Stored records
---

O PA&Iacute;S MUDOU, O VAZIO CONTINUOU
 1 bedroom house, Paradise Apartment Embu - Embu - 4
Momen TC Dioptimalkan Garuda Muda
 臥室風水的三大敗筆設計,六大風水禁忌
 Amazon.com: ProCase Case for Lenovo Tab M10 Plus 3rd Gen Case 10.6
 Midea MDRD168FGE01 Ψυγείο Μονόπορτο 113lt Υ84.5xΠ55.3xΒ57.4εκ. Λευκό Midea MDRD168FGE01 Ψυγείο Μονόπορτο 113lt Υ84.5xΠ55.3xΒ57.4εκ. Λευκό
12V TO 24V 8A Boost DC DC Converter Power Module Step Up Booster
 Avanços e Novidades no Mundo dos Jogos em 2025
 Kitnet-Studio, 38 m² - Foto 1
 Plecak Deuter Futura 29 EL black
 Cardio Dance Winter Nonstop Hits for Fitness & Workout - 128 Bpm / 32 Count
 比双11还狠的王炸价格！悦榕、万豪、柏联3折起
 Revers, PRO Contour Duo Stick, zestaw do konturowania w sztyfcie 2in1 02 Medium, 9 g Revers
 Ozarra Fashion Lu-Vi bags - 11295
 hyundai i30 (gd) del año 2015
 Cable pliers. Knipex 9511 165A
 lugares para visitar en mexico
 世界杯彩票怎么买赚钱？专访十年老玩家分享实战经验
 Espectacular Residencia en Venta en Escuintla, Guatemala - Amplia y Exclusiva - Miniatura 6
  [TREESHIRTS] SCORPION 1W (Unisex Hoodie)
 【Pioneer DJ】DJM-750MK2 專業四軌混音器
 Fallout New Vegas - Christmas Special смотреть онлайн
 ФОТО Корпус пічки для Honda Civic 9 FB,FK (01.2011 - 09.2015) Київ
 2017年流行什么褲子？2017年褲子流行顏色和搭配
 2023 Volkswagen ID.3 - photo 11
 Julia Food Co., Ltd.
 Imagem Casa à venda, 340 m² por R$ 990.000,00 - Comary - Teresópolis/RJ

---

#### ABOUT THIS TASK
Using the entries above, return exactly the lines from the line with "Amazon.com: ProCase Case" to the line with "Espectacular Residencia en", counting both of those lines.

#### YOUR SOLUTION
 Amazon.com: ProCase Case for Lenovo Tab M10 Plus 3rd Gen Case 10.6
 Midea MDRD168FGE01 Ψυγείο Μονόπορτο 113lt Υ84.5xΠ55.3xΒ57.4εκ. Λευκό Midea MDRD168FGE01 Ψυγείο Μονόπορτο 113lt Υ84.5xΠ55.3xΒ57.4εκ. Λευκό
12V TO 24V 8A Boost DC DC Converter Power Module Step Up Booster
 Avanços e Novidades no Mundo dos Jogos em 2025
 Kitnet-Studio, 38 m² - Foto 1
 Plecak Deuter Futura 29 EL black
 Cardio Dance Winter Nonstop Hits for Fitness & Workout - 128 Bpm / 32 Count
 比双11还狠的王炸价格！悦榕、万豪、柏联3折起
 Revers, PRO Contour Duo Stick, zestaw do konturowania w sztyfcie 2in1 02 Medium, 9 g Revers
 Ozarra Fashion Lu-Vi bags - 11295
 hyundai i30 (gd) del año 2015
 Cable pliers. Knipex 9511 165A
 lugares para visitar en mexico
 世界杯彩票怎么买赚钱？专访十年老玩家分享实战经验
 Espectacular Residencia en Venta en Escuintla, Guatemala - Amplia y Exclusiva - Miniatura 6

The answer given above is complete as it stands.